In May, Phelps and his long-time girlfriend, Nicole Johnson, had a baby boy, Boomer Robert. Phelps said being a father was a revelation, an unimaginable feeling of equanimity and joy.
“My emotions will be 10 times what they’ve ever been before,” he said. “I still get pictures from Nicole every day. He’s grown so much every day, his facial expressions are changing so much.”
He has said he has shed the weight of his personal issues and feels like a different person, “maybe nicer.” No matter how many medals he wins here, Phelps, who is expected to swim in the 4x100 freestyle relay on Sunday night, has vowed to enjoy this Olympic experience more than any other.
“It’s given me a clear head in the pool,” said Phelps, who will marry Nicole after Rio. “It’s given me a much clearer head outside the pool in my family life and personal life too. I think I’ve just been able to enjoy life. I’ve been able to experience things I might have taken for granted in the past.
“This ride I’ve been on, I’ll be ever thankful to the people who’ve helped me get through the times when I’ve needed them,” he said. “This has just been the greatest two years of my life and I wouldn’t change it.”

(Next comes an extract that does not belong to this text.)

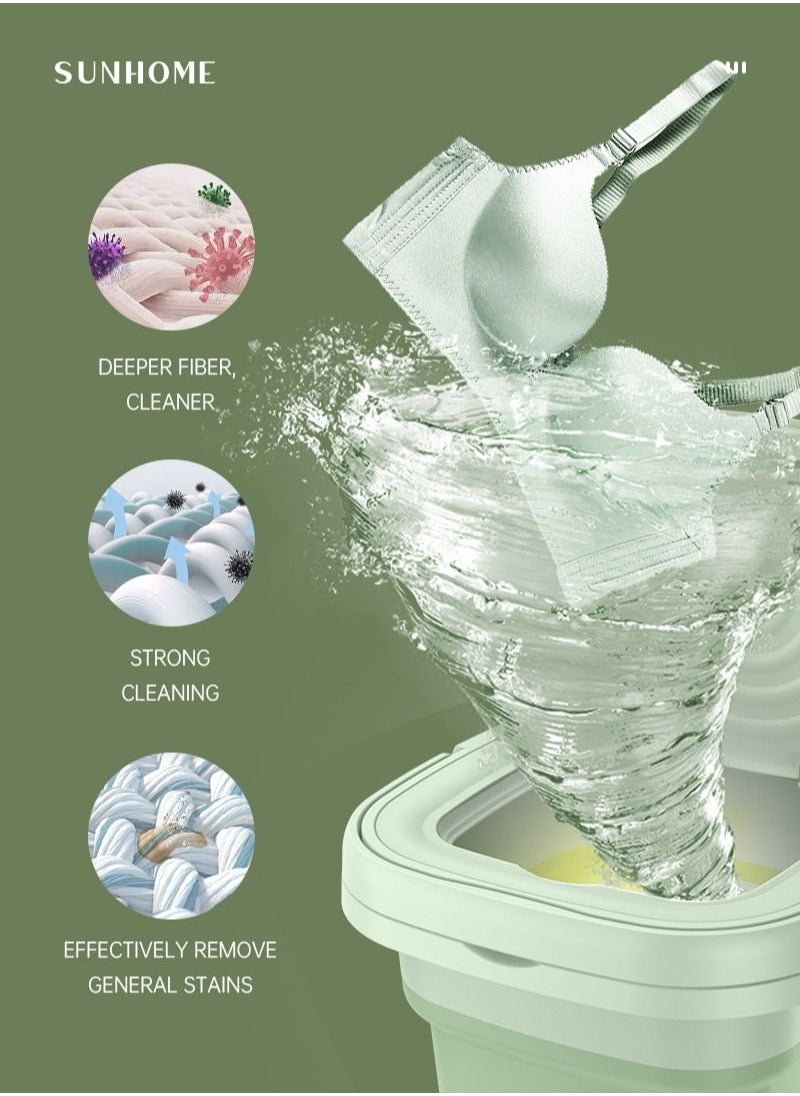 Sunhome - Foldable and Portable Mini Washing Machine with Drain Basket for Traveling or Home 8L 10W MLSC-01 Green - Image 1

Don’t bet against him. Phelps’ trials times in the 200-meter individual medley and 100-meter butterfly were the second-fastest in the world this year. Bowman, rarely one for overstatement, said he expects Phelps to swim faster in the Games than he did at the U.S. Trials.
In the pool, Phelps will be his typically fierce, competitive self. Out of the water, he promises to stop and smell the flowers this time.
“Before, I would really have my headphones on and not really talk to anybody,” he said. “I’m much more open and relaxed now. I passed” tennis great “Novak Djokovic in the village and I was, ‘Oh, I want a picture’. There are a lot of athletes I’m in awe of and amazed by.”
Phelps was asked if there was any way his final Olympics could be perceived as a failure.
“No,” he said, “because I’m having fun again. I’m enjoying what I’m doing again. I think I’m at the point that, whatever’s left, I’ll be able to turn the page and say I was able to finish the way I wanted to.
“And to me, that’s all that matters.”